- Gamhariya Location in Nepal
- Coordinates: 26°56′N 85°23′E﻿ / ﻿26.93°N 85.38°E
- Country: Nepal
- Zone: Narayani Zone
- District: Rautahat District

Government
- • Chairman: Phool Babu

Population (1991)
- • Total: 3,851
- Time zone: UTC+5:45 (Nepal Time)
- Postal code: 44513
- Area code: 055

= Gamhariya, Nepal =

Gamhariya was a village development committee in Rautahat District in the Narayani Zone of south-eastern Nepal.

Just before the 2017 Nepalese local elections, it was merged with five other village development committees—Samanpur, Sangrampur, Bahuwa Madanpur, Dharampur, and Bariyarpur—to form Gadhimai Municipality.

At the time of the 1991 Nepal census it had a population of 3851 people living in 729 individual households.

After Panchayat Kaal, the official name of this village development committee became "Gamhariya" but still not amended in some statistics data and refers it as Gamhariya Parsa.

The village development committee has nine wards. Half of Ward 1 comprises in Parsa village, rest of ward 1 and wards 2,3,4 and 5 in Gamhariya village and remaining wards 6,7,8 and 9 in Laxmipur village as sub locality.

In 2012, the estimated population of this VDC was around 5000.

== Education ==

===Institution===
- Madrasa Islahul Muslemeen -The eldest Islamic school of Nepal "Madrasa Islahul Muslemeen" is situated here which was founded by "Sheikh Hajee Alibaksh". Later his son "Sheikh Hajee Sujaeet"and janab Musa Miya jee Ansari Marhoom(died:1997) added some more infrastructures. The great-grand son, "Sheikh Abul Kalam Azad (Phool Babu)", of the founder of this Madrasa is currently not only the chief of this Islamic School but also chairperson of this village.

The Madrasa has around 700 students. Among them around 100 are boarders mostly from Rautahat District, Sarlahi District and Bihar (India).The curriculum of study is not only Islamic study like "Deene Taleem" but also mathematics and languages like English, Arabic, Persian, Urdu, Hindi and Nepali are taught. It is said that there is no single family in this village who don't have at least one Maulānā (Graduate of religious Institution) and also boast for highest number of Maulānā in one VDC in whole Nepal.

- Janta Primary School -The school has around 200 students and follow the curriculum of Government School of Nepal.

== Transportation ==
The village is linked with the oldest highway of Rautahat district called "Rajaiya Sadak" which still connects Rautahat District headquarters Gaur and East-West Highway terminal Chandrapur.

It is 5 km east of Garuda Municipality (fastest growing Market of Rautahat District), 3 km south of Samanpur (an old Market of Rautahat District), 20 km north of Gaur (The district's headquarters and the border with India) and 20 km south of Chandrapur. It also connects Sarlahi District via its sub locality Laxmipur over Bagmati River

It is connected with new Highway called "Gaur-Chandranigahpur Highway" through Garuda Municipality that links this Village to capital of Nepal, Kathmandu, and other major cities like Birgunj, Janakpurdham, Pokhara, Biratnagar, Nepalgunj, Bharatpur, etc.

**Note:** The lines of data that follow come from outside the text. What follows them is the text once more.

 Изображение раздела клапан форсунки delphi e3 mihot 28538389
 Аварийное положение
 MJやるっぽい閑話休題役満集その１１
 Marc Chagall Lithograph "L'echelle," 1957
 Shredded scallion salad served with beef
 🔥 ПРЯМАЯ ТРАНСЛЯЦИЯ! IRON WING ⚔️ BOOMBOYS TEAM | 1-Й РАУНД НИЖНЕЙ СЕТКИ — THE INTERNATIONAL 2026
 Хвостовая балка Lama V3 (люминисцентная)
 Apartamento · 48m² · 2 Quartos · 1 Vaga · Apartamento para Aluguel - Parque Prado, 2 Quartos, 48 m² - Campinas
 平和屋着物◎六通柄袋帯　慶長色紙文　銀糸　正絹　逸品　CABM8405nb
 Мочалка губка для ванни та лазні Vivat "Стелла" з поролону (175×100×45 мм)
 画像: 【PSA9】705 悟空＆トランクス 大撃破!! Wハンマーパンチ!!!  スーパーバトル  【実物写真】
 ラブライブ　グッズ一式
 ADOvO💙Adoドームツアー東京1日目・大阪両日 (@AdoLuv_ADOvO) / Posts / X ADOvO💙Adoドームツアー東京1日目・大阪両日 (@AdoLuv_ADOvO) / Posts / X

Land transportation like Tanga, rickshaw, Jeep, bus is available to reach Garuda Municipality.

The nearest domestic airport, Simara Airport, is in Simra while nearest international airport, Nijgadh International Airport , is under construction in Nijgadh. Currently passengers use Tribhuvan International Airport located in capital of Nepal, Kathmandu, for international flights.

== Economy ==
The major economy of this VDC is farming. Sugarcane, rice, wheat, mustard, dal, etc. are the major production of this village. The other economy is the remittance from the people working mostly in Kathmandu, India and Persian Gulf countries.

There is also a market called "Gamhariya Bazar" where daily needs are available.

== Culture ==
The culture of this village has been influenced by Muslim community, as they comprise 85% of population.
It is believed that Muslim community have been living here since more than 100 years.